The entire listing below needs to be transcribed word for word.

=== Given data ===
^^^^^^^^^^^^^^^^
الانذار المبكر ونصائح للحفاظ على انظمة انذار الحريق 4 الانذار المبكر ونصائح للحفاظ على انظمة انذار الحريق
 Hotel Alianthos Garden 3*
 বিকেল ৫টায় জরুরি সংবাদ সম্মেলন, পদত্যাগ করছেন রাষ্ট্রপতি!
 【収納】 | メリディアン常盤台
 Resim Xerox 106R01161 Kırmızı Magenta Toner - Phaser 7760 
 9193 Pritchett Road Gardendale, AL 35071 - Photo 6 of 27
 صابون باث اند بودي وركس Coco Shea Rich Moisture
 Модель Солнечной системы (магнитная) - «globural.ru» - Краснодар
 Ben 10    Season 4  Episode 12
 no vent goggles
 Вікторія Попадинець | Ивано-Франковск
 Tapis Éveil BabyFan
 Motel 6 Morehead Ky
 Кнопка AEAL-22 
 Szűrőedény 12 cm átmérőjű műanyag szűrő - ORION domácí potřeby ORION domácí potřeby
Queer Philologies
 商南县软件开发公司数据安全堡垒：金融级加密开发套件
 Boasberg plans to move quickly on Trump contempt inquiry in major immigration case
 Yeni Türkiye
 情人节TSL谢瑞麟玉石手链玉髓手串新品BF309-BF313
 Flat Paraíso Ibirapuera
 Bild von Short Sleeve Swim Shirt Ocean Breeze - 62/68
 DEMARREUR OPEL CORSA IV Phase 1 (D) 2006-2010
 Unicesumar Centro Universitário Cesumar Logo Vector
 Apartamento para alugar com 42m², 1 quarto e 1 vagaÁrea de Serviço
^^^^^^^^^^^^^^^^
=== Exercise solution ===
الانذار المبكر ونصائح للحفاظ على انظمة انذار الحريق 4 الانذار المبكر ونصائح للحفاظ على انظمة انذار الحريق
 Hotel Alianthos Garden 3*
 বিকেল ৫টায় জরুরি সংবাদ সম্মেলন, পদত্যাগ করছেন রাষ্ট্রপতি!
 【収納】 | メリディアン常盤台
 Resim Xerox 106R01161 Kırmızı Magenta Toner - Phaser 7760 
 9193 Pritchett Road Gardendale, AL 35071 - Photo 6 of 27
 صابون باث اند بودي وركس Coco Shea Rich Moisture
 Модель Солнечной системы (магнитная) - «globural.ru» - Краснодар
 Ben 10    Season 4  Episode 12
 no vent goggles
 Вікторія Попадинець | Ивано-Франковск
 Tapis Éveil BabyFan
 Motel 6 Morehead Ky
 Кнопка AEAL-22 
 Szűrőedény 12 cm átmérőjű műanyag szűrő - ORION domácí potřeby ORION domácí potřeby
Queer Philologies
 商南县软件开发公司数据安全堡垒：金融级加密开发套件
 Boasberg plans to move quickly on Trump contempt inquiry in major immigration case
 Yeni Türkiye
 情人节TSL谢瑞麟玉石手链玉髓手串新品BF309-BF313
 Flat Paraíso Ibirapuera
 Bild von Short Sleeve Swim Shirt Ocean Breeze - 62/68
 DEMARREUR OPEL CORSA IV Phase 1 (D) 2006-2010
 Unicesumar Centro Universitário Cesumar Logo Vector
 Apartamento para alugar com 42m², 1 quarto e 1 vagaÁrea de Serviço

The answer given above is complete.